Of course, when we search our index for books with all these words there is going to be one obvious match - the original book! In fact, this should be the first result returned so we could either skip this when creating the result-set (looking for the same unique Id rather than just skipping the first one just to be safe) or, as in the example below, use a boolean search and specifically exclude the Id of the source item from the query. I haven’t experimented to see which one is quicker but I prefer to let Lucene do all the work - I trust it and it saves me writing any more code or getting results back that I am just going to discard which feels wrong.
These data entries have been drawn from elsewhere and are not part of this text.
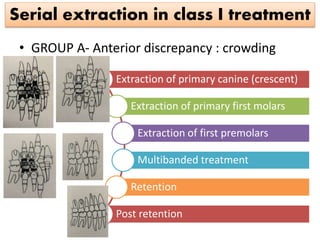 Serial extraction in class I treatment
• GROUP A- Anterior discrepancy : crowding
Extraction of primary canine (crescent)
Extraction of primary first molars
Extraction of first premolars
Multibanded treatment
Retention
Post retention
Here is the code to find the best 4 similar matches to any book passed in. Note that I include the Authors and Publisher fields when doing the comparison so it will tend to favour books by the same author or publisher - you will need to experiment to see what makes most sense for your application and usage.

  /// <summary>    
  /// Gets similar books.    
  /// </summary>    
  /// <param name="book">The book.</param>    
  /// <returns></returns>    
  public override IList<IBook> GetSimilarBooks(IBook book)
  {
    IFullTextSession session = (IFullTextSession)NHibernateHelper.GetCurrentSession();
    Analyzer analyzer = new StandardAnalyzer();
    BooleanQuery query = new BooleanQuery();

    Query title = Similarity.Net.SimilarityQueries.FormSimilarQuery(book.Title, analyzer, "Title", null);
    title.SetBoost(10);
    query.Add(title, BooleanClause.Occur.SHOULD);

    if (book.Summary != null) {
      Query summary = Similarity.Net.SimilarityQueries.FormSimilarQuery(book.Summary, analyzer, "Summary", null);
      summary.SetBoost(5);
      query.Add(summary, BooleanClause.Occur.SHOULD);
    }

    if (book.Authors != null) {
      Query authors = Similarity.Net.SimilarityQueries.FormSimilarQuery(book.Authors, analyzer, "Authors", null);
      query.Add(authors, BooleanClause.Occur.SHOULD);
    }

    if (book.Publisher != null) {
      Query publisher = Similarity.Net.SimilarityQueries.FormSimilarQuery(book.Publisher, analyzer, "Publisher", null);
      query.Add(publisher, BooleanClause.Occur.SHOULD);
    }


    // avoid the book being similar to itself!    
    query.Add(new TermQuery(new Term("Id", book.Id.ToString())), BooleanClause.Occur.MUST_NOT);

    IQuery nhQuery = session.CreateFullTextQuery(query, new Type[] { typeof(Book) }).SetMaxResults(4);

    IList<IBook> books = nhQuery.List<IBook>();
    return books;
  }

That about wraps it up for using NHibernate and Lucene. I’m expecting things to change when the new NHibernate version 2.0 is released so I’ll probably post again to update you of any changes though when it is. Also, there are a few other features available in Lucene which I may blog about such as using Synonyms for the ‘did you mean …’ type suggestions.

Please let me know if there is anything that I haven’t explained particularly well or you would like to see more about.